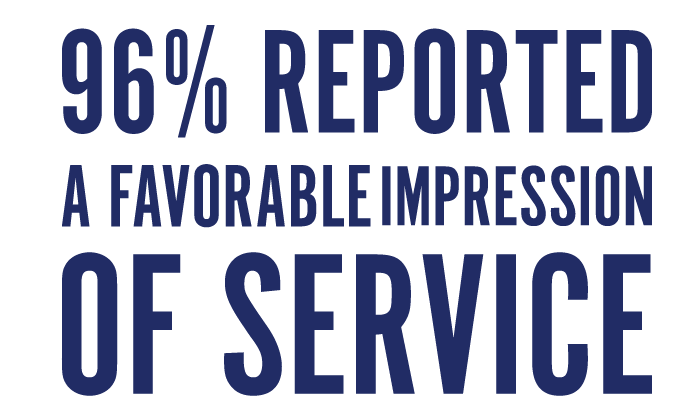 96% reported favorable impression of service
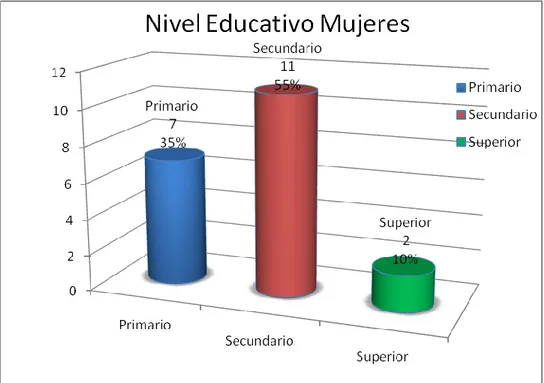 Tabla 4: resultados nivel educativo hombres y mujeres 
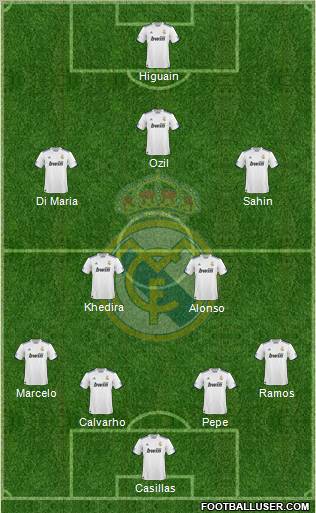Real Madrid C.F. Formation 2011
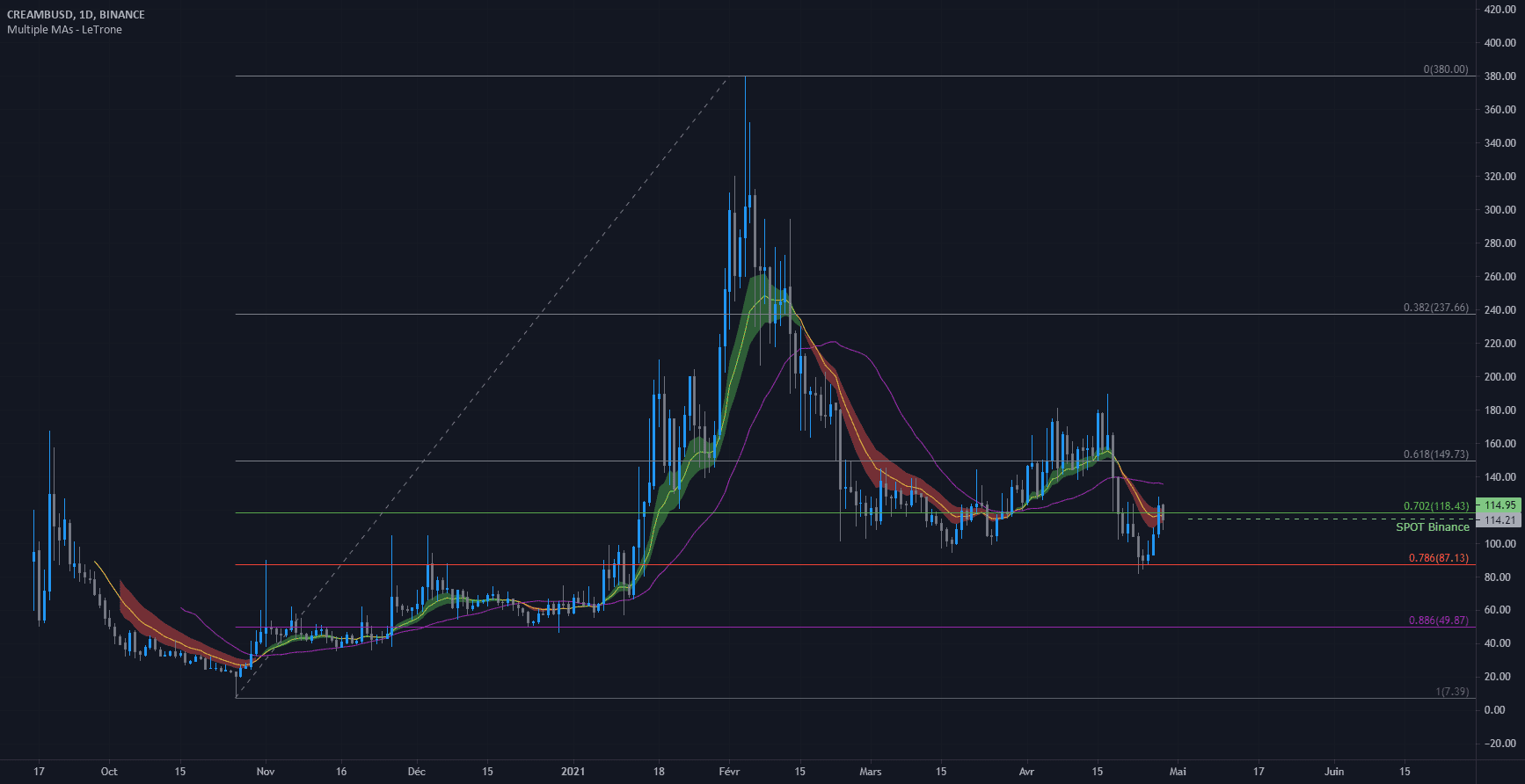 Une pepite ?? pour BINANCE:CREAMBUSD par crypticonfr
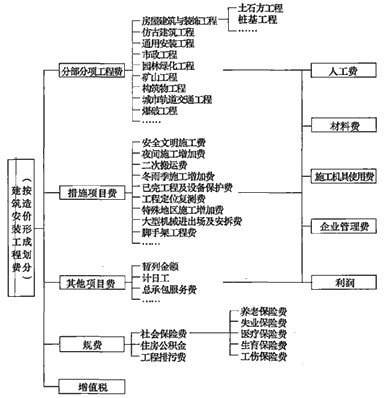 按造價形成劃分建安工程費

******************************

### Problem to solve
Go through the entries above and print each one exactly, minus the pictures.

### Result of the task
 96% reported favorable impression of service
 Tabla 4: resultados nivel educativo hombres y mujeres 
Real Madrid C.F. Formation 2011
 Une pepite ?? pour BINANCE:CREAMBUSD par crypticonfr
 按造價形成劃分建安工程費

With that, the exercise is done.